WORK REQUEST: Starting with the line that contains "Xiaomi Redmi Note" and stopping after the line that contains "Sun Wheel Jasper", copy the entries below exactly. Include nothing else.

LISTED RECORDS:
Start of Block
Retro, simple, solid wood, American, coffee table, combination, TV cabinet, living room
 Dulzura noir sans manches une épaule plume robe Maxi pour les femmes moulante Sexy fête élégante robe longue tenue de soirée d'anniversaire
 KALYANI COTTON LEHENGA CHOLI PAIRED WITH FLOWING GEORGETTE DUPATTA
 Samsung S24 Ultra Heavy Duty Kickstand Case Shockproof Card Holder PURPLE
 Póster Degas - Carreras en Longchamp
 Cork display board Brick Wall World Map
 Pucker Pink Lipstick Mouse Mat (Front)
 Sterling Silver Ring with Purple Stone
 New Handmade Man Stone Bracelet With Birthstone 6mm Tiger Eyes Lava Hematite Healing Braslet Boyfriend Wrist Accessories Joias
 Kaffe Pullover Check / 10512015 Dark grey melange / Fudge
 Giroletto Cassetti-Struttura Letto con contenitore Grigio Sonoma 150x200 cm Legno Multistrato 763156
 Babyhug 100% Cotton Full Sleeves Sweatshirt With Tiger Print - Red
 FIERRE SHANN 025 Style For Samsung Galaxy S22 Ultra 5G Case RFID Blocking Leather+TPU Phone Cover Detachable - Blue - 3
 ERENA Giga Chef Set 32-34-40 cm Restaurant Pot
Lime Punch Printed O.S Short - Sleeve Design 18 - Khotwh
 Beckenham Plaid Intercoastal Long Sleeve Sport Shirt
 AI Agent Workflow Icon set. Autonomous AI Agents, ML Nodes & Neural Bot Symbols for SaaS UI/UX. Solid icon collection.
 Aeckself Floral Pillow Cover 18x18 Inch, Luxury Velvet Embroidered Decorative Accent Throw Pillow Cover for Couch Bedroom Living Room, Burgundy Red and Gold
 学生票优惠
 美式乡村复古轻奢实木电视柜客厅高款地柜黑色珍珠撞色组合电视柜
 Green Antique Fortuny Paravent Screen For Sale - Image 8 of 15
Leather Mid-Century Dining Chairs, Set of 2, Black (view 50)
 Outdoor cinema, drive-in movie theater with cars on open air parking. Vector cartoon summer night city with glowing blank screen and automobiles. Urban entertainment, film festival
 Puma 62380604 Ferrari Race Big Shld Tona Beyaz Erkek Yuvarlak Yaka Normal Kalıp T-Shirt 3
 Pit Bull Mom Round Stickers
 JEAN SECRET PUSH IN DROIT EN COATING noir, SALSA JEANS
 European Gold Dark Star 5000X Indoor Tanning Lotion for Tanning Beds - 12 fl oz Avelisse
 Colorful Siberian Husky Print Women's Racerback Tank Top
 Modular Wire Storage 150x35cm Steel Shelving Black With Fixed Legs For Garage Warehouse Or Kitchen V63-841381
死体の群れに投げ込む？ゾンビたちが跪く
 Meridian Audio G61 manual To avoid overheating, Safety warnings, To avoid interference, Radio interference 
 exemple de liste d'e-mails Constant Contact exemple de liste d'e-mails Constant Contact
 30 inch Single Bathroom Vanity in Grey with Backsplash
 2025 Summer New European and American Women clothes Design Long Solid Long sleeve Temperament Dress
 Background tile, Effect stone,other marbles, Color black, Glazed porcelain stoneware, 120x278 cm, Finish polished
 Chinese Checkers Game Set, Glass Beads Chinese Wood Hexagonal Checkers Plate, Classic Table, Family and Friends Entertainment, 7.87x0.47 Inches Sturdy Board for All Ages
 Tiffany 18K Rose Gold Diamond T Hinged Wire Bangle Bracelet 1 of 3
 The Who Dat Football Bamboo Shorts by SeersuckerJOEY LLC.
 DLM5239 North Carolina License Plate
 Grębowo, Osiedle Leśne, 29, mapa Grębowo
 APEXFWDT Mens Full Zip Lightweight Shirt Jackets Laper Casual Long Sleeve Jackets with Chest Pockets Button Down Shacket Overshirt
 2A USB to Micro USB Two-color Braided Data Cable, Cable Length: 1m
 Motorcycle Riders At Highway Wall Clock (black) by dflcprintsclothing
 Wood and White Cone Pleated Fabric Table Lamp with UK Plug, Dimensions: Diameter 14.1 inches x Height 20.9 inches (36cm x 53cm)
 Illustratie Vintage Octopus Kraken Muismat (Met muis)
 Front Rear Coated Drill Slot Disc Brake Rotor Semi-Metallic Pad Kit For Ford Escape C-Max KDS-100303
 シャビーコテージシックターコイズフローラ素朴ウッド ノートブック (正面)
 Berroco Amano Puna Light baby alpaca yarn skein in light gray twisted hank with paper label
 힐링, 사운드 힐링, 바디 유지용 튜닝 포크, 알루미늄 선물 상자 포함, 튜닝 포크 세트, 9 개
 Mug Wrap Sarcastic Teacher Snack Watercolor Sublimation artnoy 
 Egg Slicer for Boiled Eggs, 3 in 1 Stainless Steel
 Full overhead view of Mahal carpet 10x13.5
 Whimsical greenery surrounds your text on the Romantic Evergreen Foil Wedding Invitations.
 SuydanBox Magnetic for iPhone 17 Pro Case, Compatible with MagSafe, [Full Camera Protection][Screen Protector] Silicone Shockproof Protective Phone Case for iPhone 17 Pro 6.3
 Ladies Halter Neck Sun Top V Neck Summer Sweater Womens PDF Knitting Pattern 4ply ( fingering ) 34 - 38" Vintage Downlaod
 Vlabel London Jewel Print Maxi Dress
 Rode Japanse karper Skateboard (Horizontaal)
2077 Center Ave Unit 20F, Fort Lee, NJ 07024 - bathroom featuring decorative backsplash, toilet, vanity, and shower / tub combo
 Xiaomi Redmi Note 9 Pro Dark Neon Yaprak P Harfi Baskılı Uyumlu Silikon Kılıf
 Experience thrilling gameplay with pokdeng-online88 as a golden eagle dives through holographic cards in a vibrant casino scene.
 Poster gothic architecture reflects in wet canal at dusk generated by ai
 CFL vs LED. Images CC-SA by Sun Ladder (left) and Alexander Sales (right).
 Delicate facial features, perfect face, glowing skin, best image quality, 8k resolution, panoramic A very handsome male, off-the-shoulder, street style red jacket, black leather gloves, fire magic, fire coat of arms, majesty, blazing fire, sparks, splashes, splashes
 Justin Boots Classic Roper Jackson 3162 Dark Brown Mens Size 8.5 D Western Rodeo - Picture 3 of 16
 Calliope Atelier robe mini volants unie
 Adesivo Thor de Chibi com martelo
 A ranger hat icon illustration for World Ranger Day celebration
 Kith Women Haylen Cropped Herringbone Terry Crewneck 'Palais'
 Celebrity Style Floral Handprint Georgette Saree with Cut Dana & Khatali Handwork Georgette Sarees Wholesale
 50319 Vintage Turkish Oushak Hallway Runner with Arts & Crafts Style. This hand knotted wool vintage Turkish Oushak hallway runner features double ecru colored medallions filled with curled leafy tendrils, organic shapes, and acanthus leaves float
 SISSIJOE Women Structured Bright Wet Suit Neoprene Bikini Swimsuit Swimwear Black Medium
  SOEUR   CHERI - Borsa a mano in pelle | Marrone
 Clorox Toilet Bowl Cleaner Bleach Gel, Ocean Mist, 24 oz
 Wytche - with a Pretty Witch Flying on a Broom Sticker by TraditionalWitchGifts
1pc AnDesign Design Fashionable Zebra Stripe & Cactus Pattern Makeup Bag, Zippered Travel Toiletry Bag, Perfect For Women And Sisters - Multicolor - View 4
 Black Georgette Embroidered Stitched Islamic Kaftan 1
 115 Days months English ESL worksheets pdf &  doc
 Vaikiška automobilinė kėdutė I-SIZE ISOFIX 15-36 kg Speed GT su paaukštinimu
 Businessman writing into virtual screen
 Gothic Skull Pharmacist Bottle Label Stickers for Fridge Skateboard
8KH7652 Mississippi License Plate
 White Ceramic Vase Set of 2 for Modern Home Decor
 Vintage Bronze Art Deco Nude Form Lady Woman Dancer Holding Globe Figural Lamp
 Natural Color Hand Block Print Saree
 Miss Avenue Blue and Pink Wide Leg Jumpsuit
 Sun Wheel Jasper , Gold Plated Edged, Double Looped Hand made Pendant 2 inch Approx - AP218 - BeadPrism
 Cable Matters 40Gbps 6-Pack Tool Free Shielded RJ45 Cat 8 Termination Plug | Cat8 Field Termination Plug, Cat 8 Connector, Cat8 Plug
End of Block
ANSWER BELOW:
 Xiaomi Redmi Note 9 Pro Dark Neon Yaprak P Harfi Baskılı Uyumlu Silikon Kılıf
 Experience thrilling gameplay with pokdeng-online88 as a golden eagle dives through holographic cards in a vibrant casino scene.
 Poster gothic architecture reflects in wet canal at dusk generated by ai
 CFL vs LED. Images CC-SA by Sun Ladder (left) and Alexander Sales (right).
 Delicate facial features, perfect face, glowing skin, best image quality, 8k resolution, panoramic A very handsome male, off-the-shoulder, street style red jacket, black leather gloves, fire magic, fire coat of arms, majesty, blazing fire, sparks, splashes, splashes
 Justin Boots Classic Roper Jackson 3162 Dark Brown Mens Size 8.5 D Western Rodeo - Picture 3 of 16
 Calliope Atelier robe mini volants unie
 Adesivo Thor de Chibi com martelo
 A ranger hat icon illustration for World Ranger Day celebration
 Kith Women Haylen Cropped Herringbone Terry Crewneck 'Palais'
 Celebrity Style Floral Handprint Georgette Saree with Cut Dana & Khatali Handwork Georgette Sarees Wholesale
 50319 Vintage Turkish Oushak Hallway Runner with Arts & Crafts Style. This hand knotted wool vintage Turkish Oushak hallway runner features double ecru colored medallions filled with curled leafy tendrils, organic shapes, and acanthus leaves float
 SISSIJOE Women Structured Bright Wet Suit Neoprene Bikini Swimsuit Swimwear Black Medium
  SOEUR   CHERI - Borsa a mano in pelle | Marrone
 Clorox Toilet Bowl Cleaner Bleach Gel, Ocean Mist, 24 oz
 Wytche - with a Pretty Witch Flying on a Broom Sticker by TraditionalWitchGifts
1pc AnDesign Design Fashionable Zebra Stripe & Cactus Pattern Makeup Bag, Zippered Travel Toiletry Bag, Perfect For Women And Sisters - Multicolor - View 4
 Black Georgette Embroidered Stitched Islamic Kaftan 1
 115 Days months English ESL worksheets pdf &  doc
 Vaikiška automobilinė kėdutė I-SIZE ISOFIX 15-36 kg Speed GT su paaukštinimu
 Businessman writing into virtual screen
 Gothic Skull Pharmacist Bottle Label Stickers for Fridge Skateboard
8KH7652 Mississippi License Plate
 White Ceramic Vase Set of 2 for Modern Home Decor
 Vintage Bronze Art Deco Nude Form Lady Woman Dancer Holding Globe Figural Lamp
 Natural Color Hand Block Print Saree
 Miss Avenue Blue and Pink Wide Leg Jumpsuit
 Sun Wheel Jasper , Gold Plated Edged, Double Looped Hand made Pendant 2 inch Approx - AP218 - BeadPrism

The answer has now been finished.